> [TASK MATERIAL]:

-*-*-

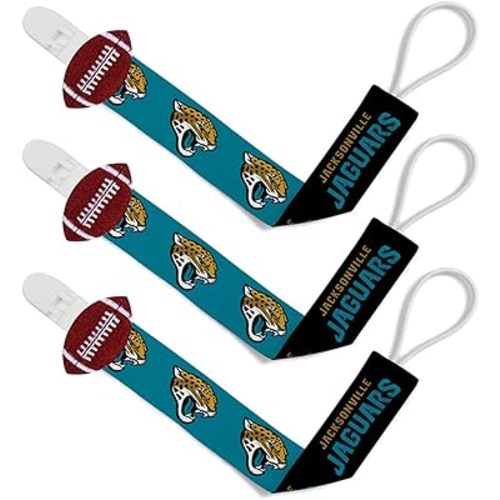 BabyFanatic Officially Licensed Unisex Baby Pacifier Clip 3-Pack NFL Jacksonville Jaguars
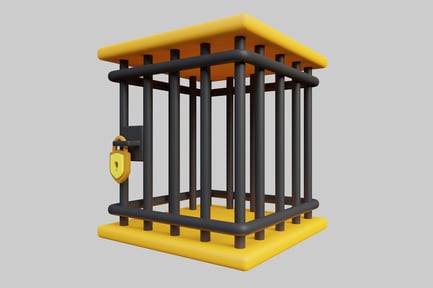 Preview: Stylized prison cage with padlock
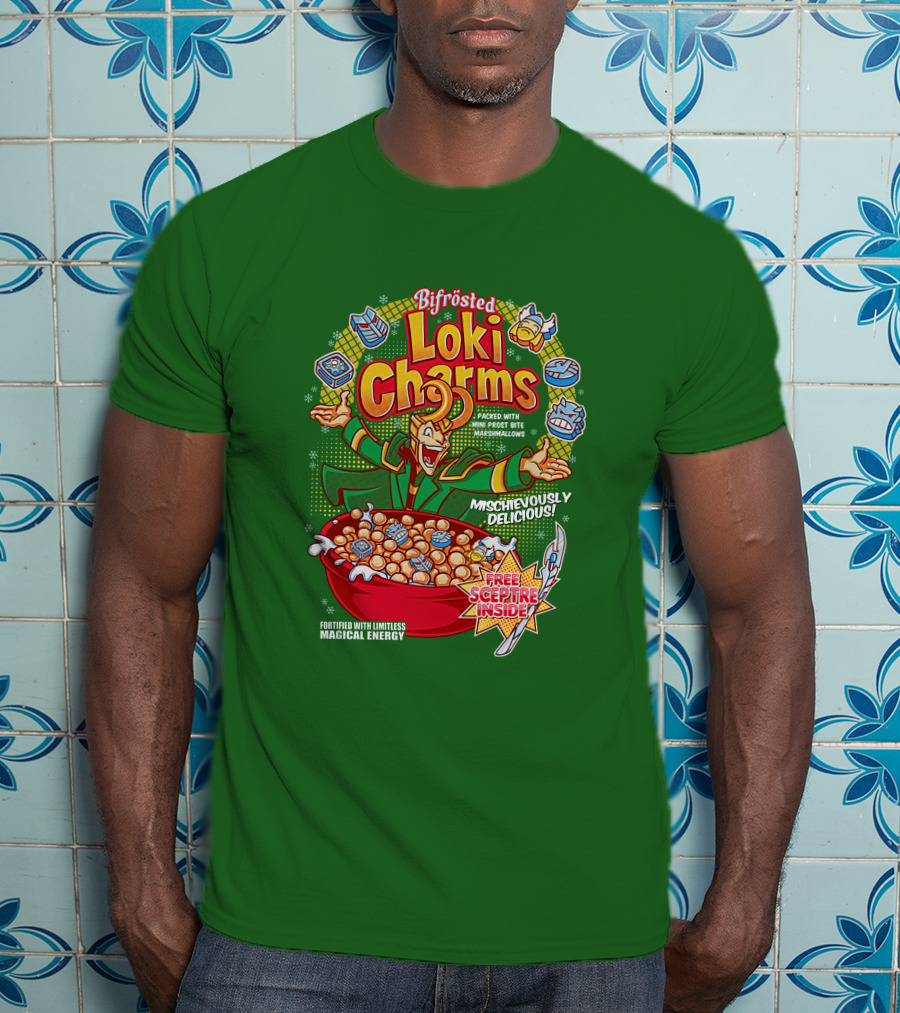 Bifrosted Loki Charms Mischievously Delicious Free Sceptre Inside Fortified With Limitless Magical Energy T-Shirt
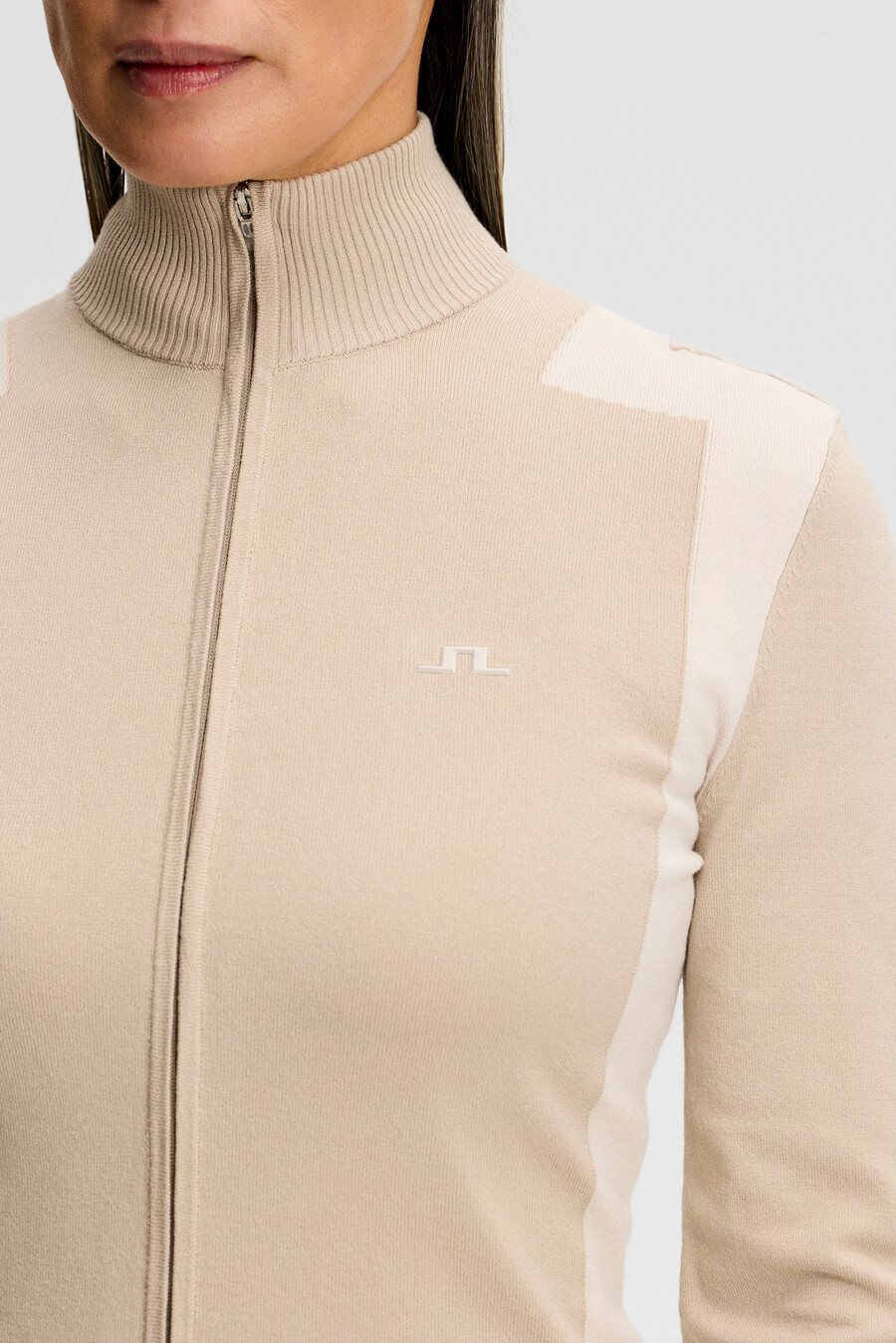 pull zippé en maille bianca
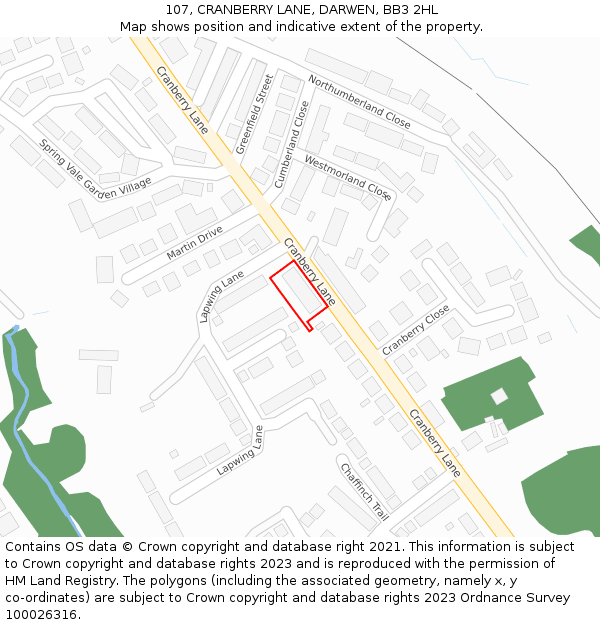 107, CRANBERRY LANE, DARWEN, BB3 2HL: Location map and indicative extent of plot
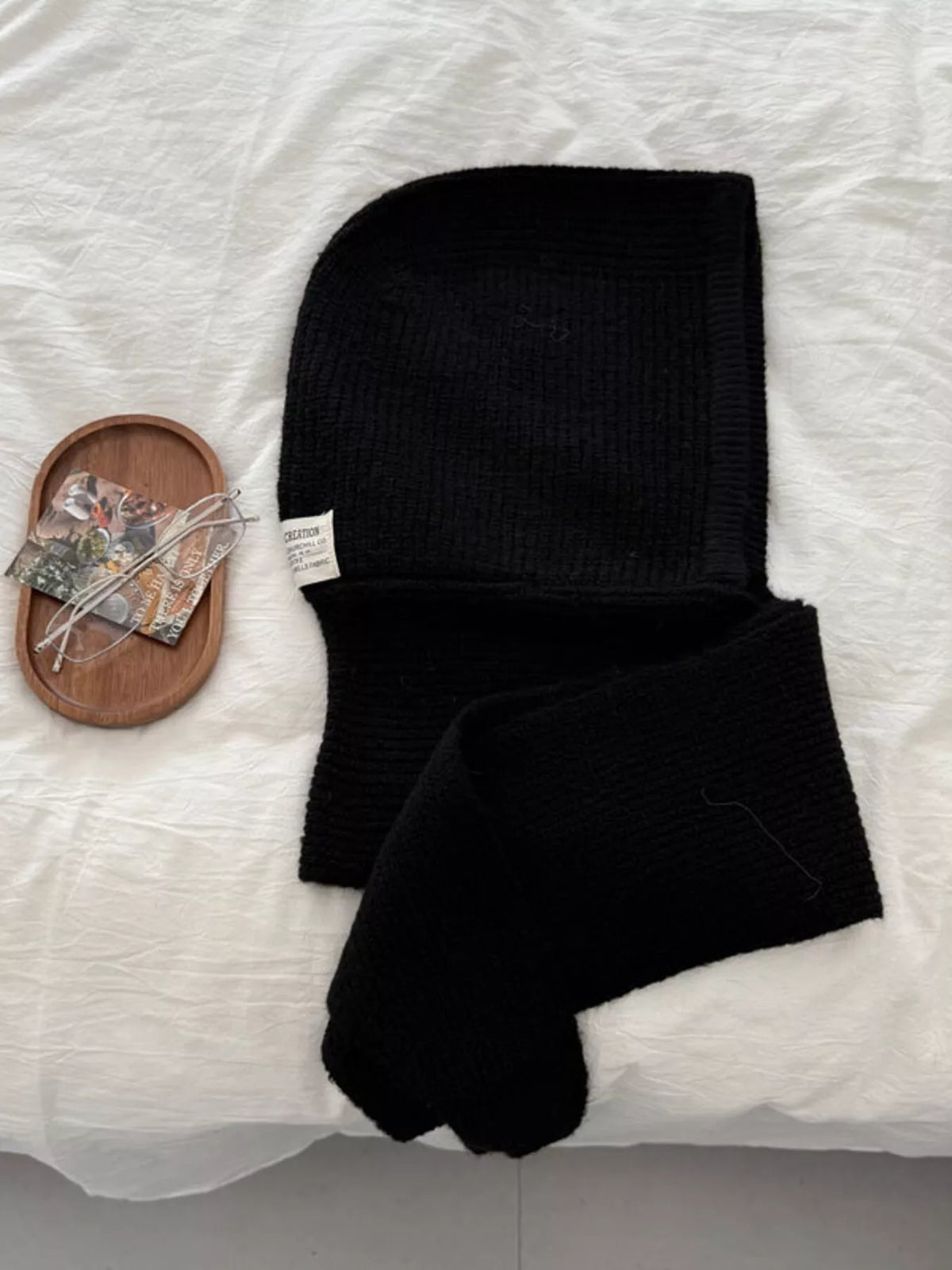 Unisex Hooded Knit Neck Scarf — black knit hood and scarf laid flat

-*-*-

Transcribe all entries above exactly. Drop the pictures.

> [OUTPUT BELOW]:
 BabyFanatic Officially Licensed Unisex Baby Pacifier Clip 3-Pack NFL Jacksonville Jaguars
 Preview: Stylized prison cage with padlock
 Bifrosted Loki Charms Mischievously Delicious Free Sceptre Inside Fortified With Limitless Magical Energy T-Shirt
 pull zippé en maille bianca
 107, CRANBERRY LANE, DARWEN, BB3 2HL: Location map and indicative extent of plot
 Unisex Hooded Knit Neck Scarf — black knit hood and scarf laid flat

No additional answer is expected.